Caso a INDIGITALL utilize serviços de terceiros ou compartilhe informações com terceiros, eles serão informados sobre esta Política de Segurança e as Normas de Segurança aplicáveis a esses serviços ou informações. Os terceiros estarão sujeitos às obrigações estabelecidas nos regulamentos mencionados, mantendo a capacidade de desenvolver seus próprios procedimentos operacionais para cumpri-los. Serão estabelecidos procedimentos específicos para comunicação e resolução de incidentes. Também será garantido que os funcionários de terceiros sejam adequadamente treinados em segurança, pelo menos no nível exigido por esta Política de Segurança.

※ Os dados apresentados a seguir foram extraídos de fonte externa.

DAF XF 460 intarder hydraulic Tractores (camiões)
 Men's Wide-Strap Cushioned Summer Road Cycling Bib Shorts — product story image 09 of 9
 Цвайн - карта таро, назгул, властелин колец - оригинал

Além disso, considerando a obrigação de cumprir as Instruções Técnicas de Segurança estabelecidas na segunda disposição adicional do Decreto Real 311/2022, e em conformidade com a Resolução de 13 de outubro de 2016 da Secretaria de Estado para Administrações Públicas, que aprova a Instrução Técnica de Segurança para o cumprimento do Esquema Nacional de Segurança, exige-se que operadores do setor privado que prestam serviços ou soluções para entidades públicas sujeitas ao Esquema Nacional de Segurança apresentem a correspondente Declaração de Conformidade para sistemas de categoria BÁSICA ou a Certificação de Conformidade para sistemas de categoria MÉDIA ou ALTA.

Caso qualquer aspecto desta Política de Segurança não possa ser cumprido por um terceiro conforme exigido nos parágrafos anteriores, será necessário um relatório do Responsável pela Segurança do ENS especificando os riscos envolvidos e como serão gerenciados. Esse relatório deverá ser aprovado pelos responsáveis pela informação e pelos serviços afetados antes de prosseguir.

15. MELHORIA CONTÍNUA

A gestão da segurança da informação é um processo em constante evolução. Portanto, a INDIGITALL deve implementar um processo de melhoria contínua, que incluirá, entre outras ações:

  • Revisão da Política de Segurança da Informação.
  • Revisão dos serviços e informações e sua categorização.
  • Execução anual da análise de riscos.
  • Condução de auditorias internas e externas.
  • Revisão das medidas de segurança.
  • Revisão e atualização dos regulamentos e procedimentos.

Para a INDIGITALL, a gestão adequada da segurança da informação é um desafio contínuo e coletivo, essencial para a continuidade da organização.